Les essais montrent qu'une voiture équipée d'une pile hydrogène-air de valeur massique 150 W/Kg peut avoir des caractéristiques approchant celles d'un véhicule à essence ; les deux voitures ont une charge utile de 335 kg et leur vitesse maximum est de 110 km/h.
La voiture à essence effectue le 400 mètres départ arrêté en 23,1 secondes alors que la voiture équipée de la pile à hydrogène le parcourt en 26,1 secondes. La consommation est nettement favorable à la pile : 0,266 th/km contre 0,699 th/km pour le moteur à essence. En revanche, les différents poids et le volume du réservoir sont défavorables à la pile à hydrogène.
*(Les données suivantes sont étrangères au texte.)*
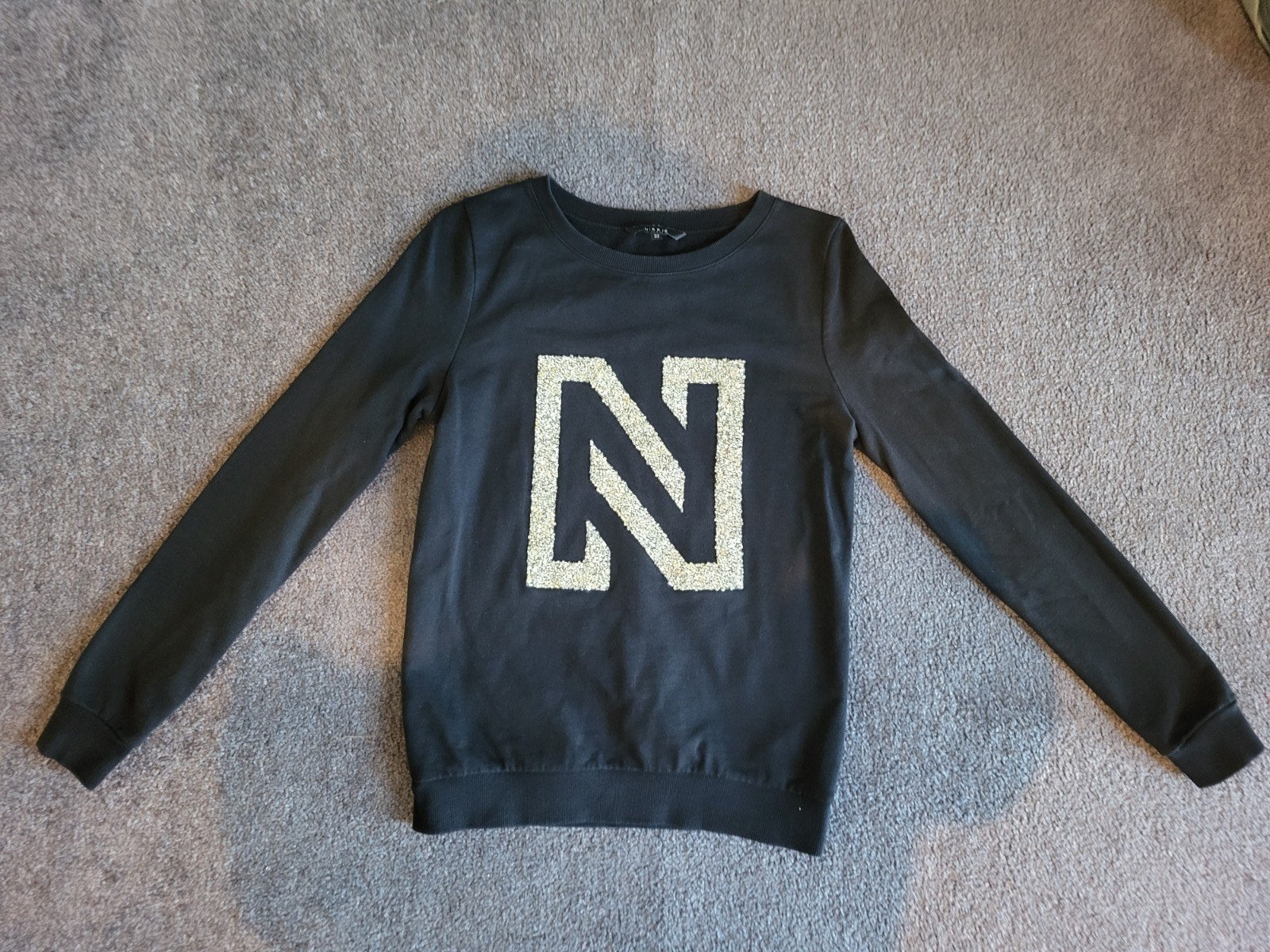 Sweater zwart Nikkie
Maat 32
Met glittersteentjes, Kleding | Dames, Ophalen of Verzenden, Zo goed als nieuw, Maat 34 (XS) of kleiner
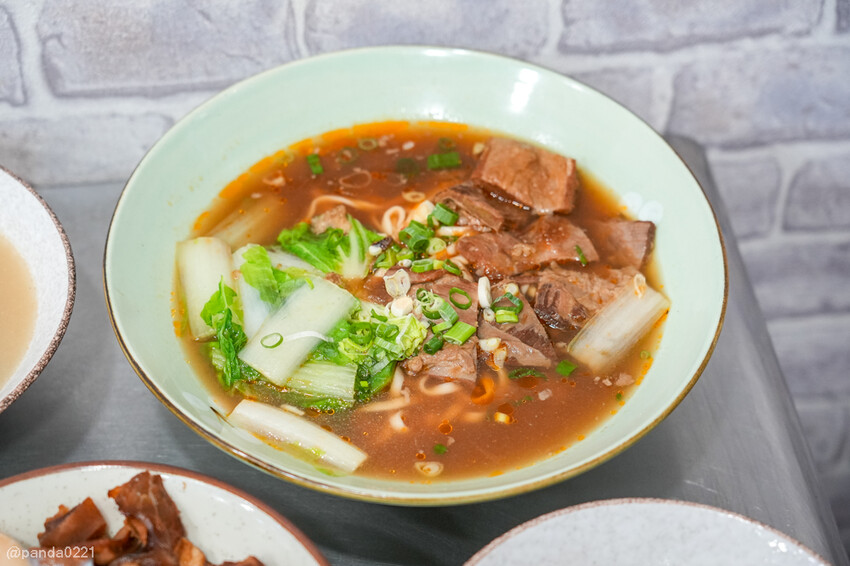 桃園｜台南牛饕溫體牛肉湯(桃園店)，牛肉湯、肉燥飯、牛雜熱炒通通吃得到
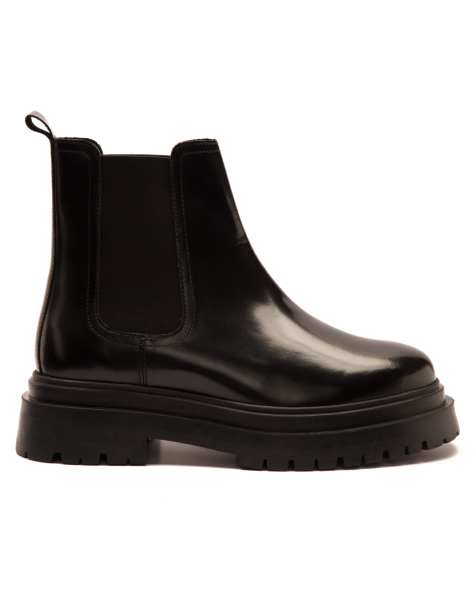 Off The Hook 'turner' black leather chelsea boots in black - view 1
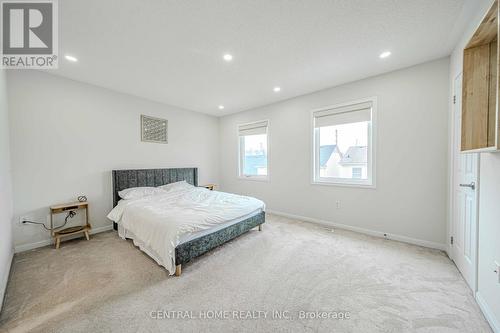 340 Carlissa Run, Newmarket, ON - Indoor Photo Showing Bedroom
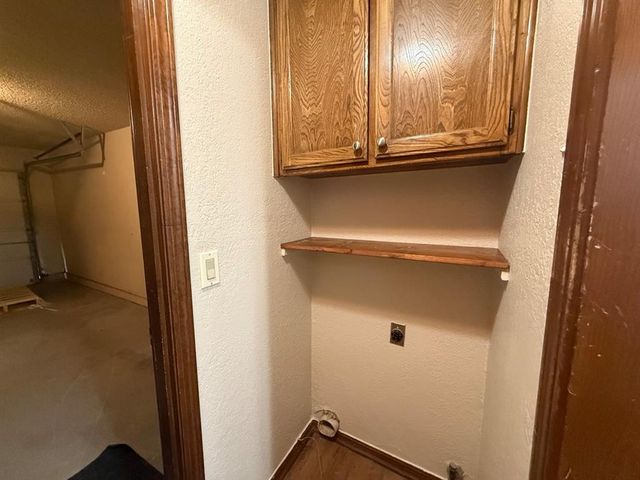 1015 Swan Lake Court, Edmond, OK 73003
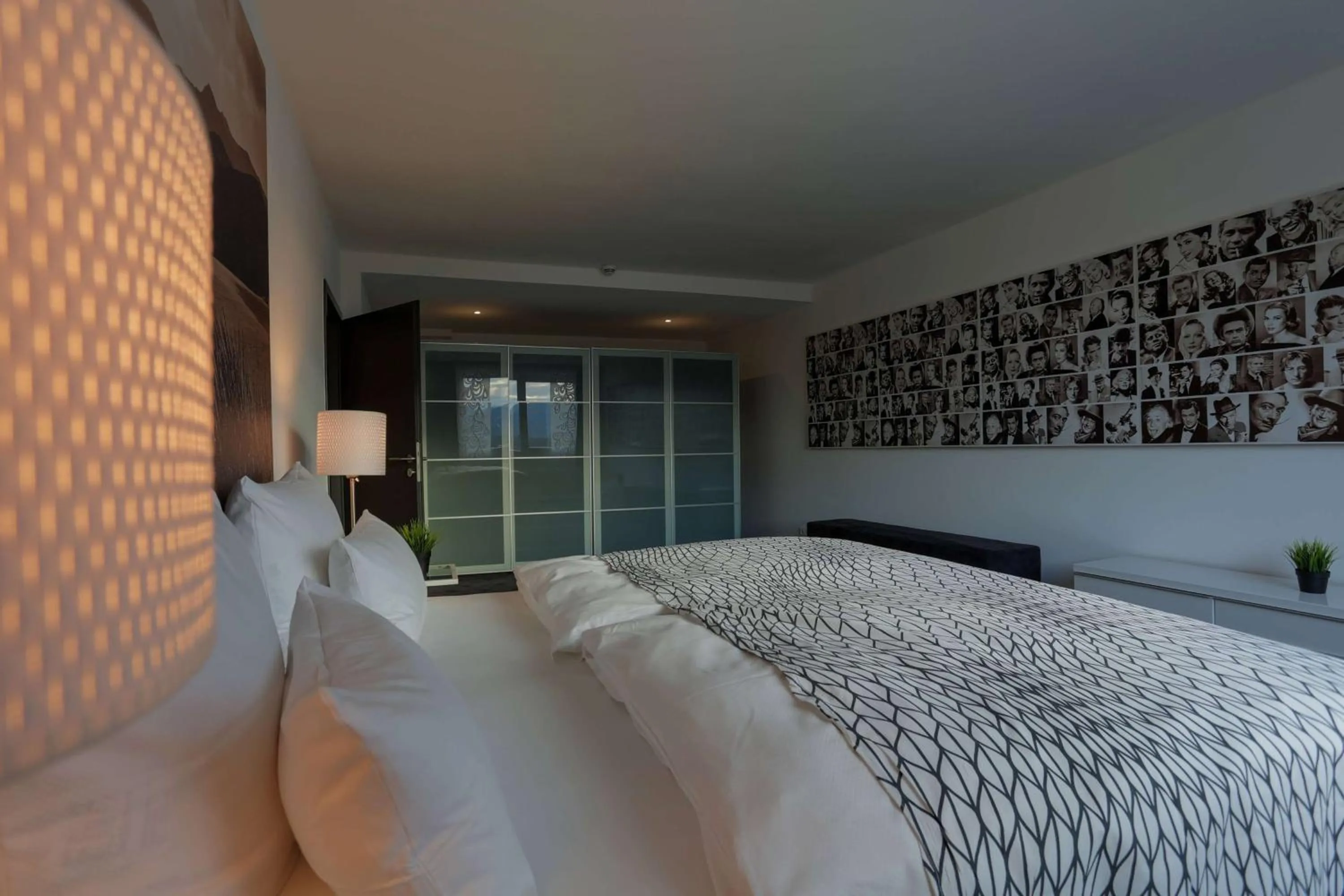 Photo of the whole room, Bed in FourSide Plaza Hotel Trier, Trademark Collection by Wyndham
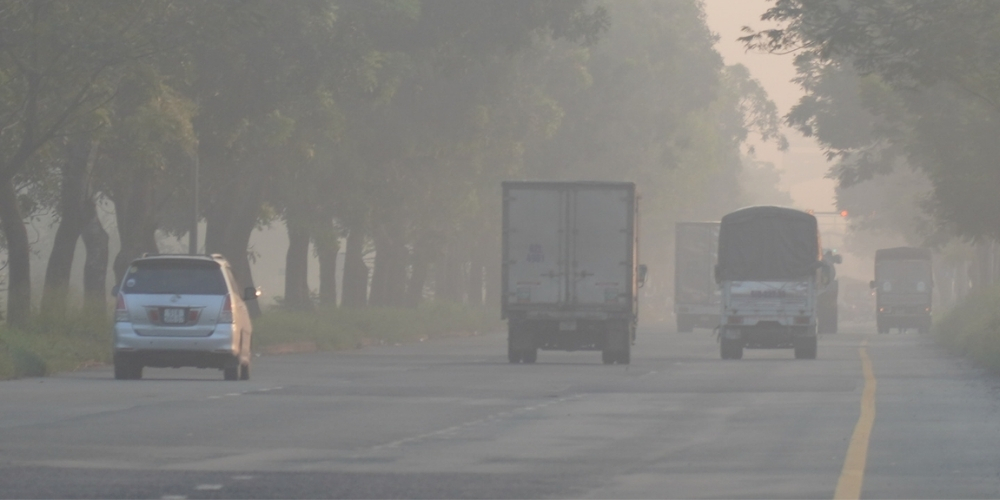Nên chọn chế độ điều hoà lấy gió trong khi di chuyển ở khu vực khói bụi, ô nhiễm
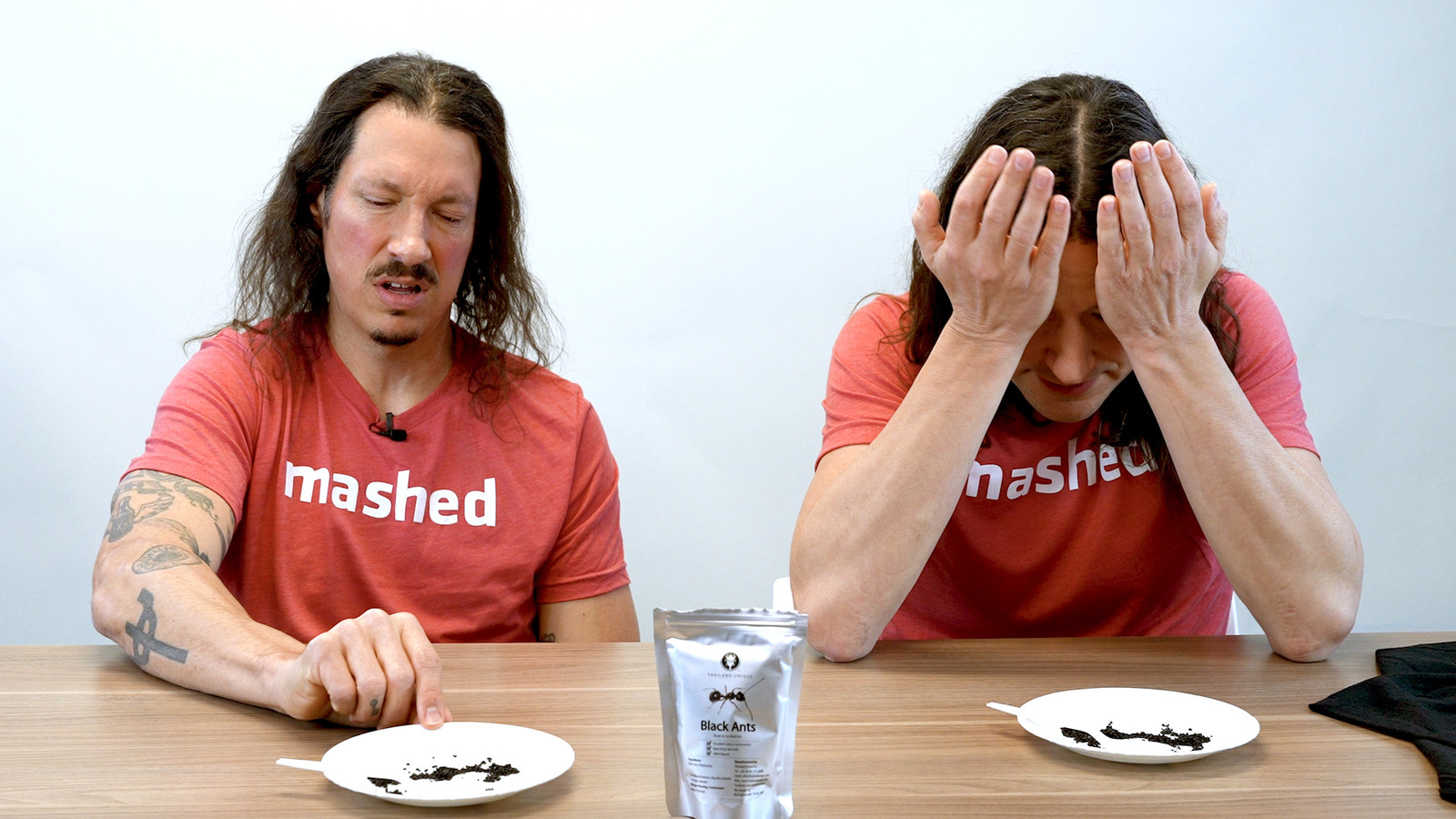 These Brothers Tried 12 Bugs And Their Reactions Are Priceless - Vimarsana News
La pile à combustible possède des avantages incomparables : absence d'émissions d'oxyde d'azote, silence de fonctionnement, agrément de conduite, grande sécurité et prix acceptable. Celui-ci a été en effet chiffré : par rapport au prix actuel du super distribué en France (12 centimes/thermie hors taxes), le prix de l'hydrogène devrait vraisemblablement être légèrement supérieur. Mais les inconvénients existent. Par le nucléaire Il y a d'abord la production d'hydrogène. Pour approvisionner un grand nombre de véhicules, il faut passer par l'énergie nucléaire. C'est indispensable. L'idée est de faire fonctionner les futures centrales nucléaires de l'EDF 24 heures sur 24 et non pas à temps partiel.La nuit par exemple, à partir de l'électrolyse de l'eau, on s'occuperait à former de l'hydrogène. Si le programme de construction des centrales est respecté, on disposerait dès 1990 de quantités suffisantes destinées à l'automobile. On arriverait alors à un coût intéressant, de l'ordre de 25 centimes/thermie. Deuxième problème : la distribution de l'hydrogène. Aucune infrastructure n'existe. Au plan automobile, il est difficile de stocker ce précieux carburant sous forme de liquide, ce serait trop dangereux. Seule la solution de réservoirs comprimés à 40 kg et plus tard à 20 kg donnerait satisfaction. Il faut donc créer un réseau avec stations, lieu de stockage, acheminement. Une mise en place gigantesque. Par ailleurs, la pile à hydrogène est encore trop lourde et trop chère. L'institut Français du Pétrole étudie sa rentabilité en collaboration avec Renault. En 1975, le kW montait à 700 F dans le cas d'une voiture produite en série. Ce chiffre doit descendre à 300 F pour le marché autobus, et à 100-1 50 F si on veut rivaliser avec les Diesel. Ce niveau est déjà atteint mais la durée de vie de la pile auto n'est que de 1 000 heures ; le seuil de rentabilité est de 3 000 heures minimum. Les recherches sont prometteuses, mais l'hydrogène est encore loin de bousculer le vieux moteur thermique. L'I.F.P. s'est fixé 1985 pour dire si la pile à combustible aura une destinée automobile. Avec un peu de chance et des crédits supplémentaires. ces résultats pourraient avancer vers une heureuse issue.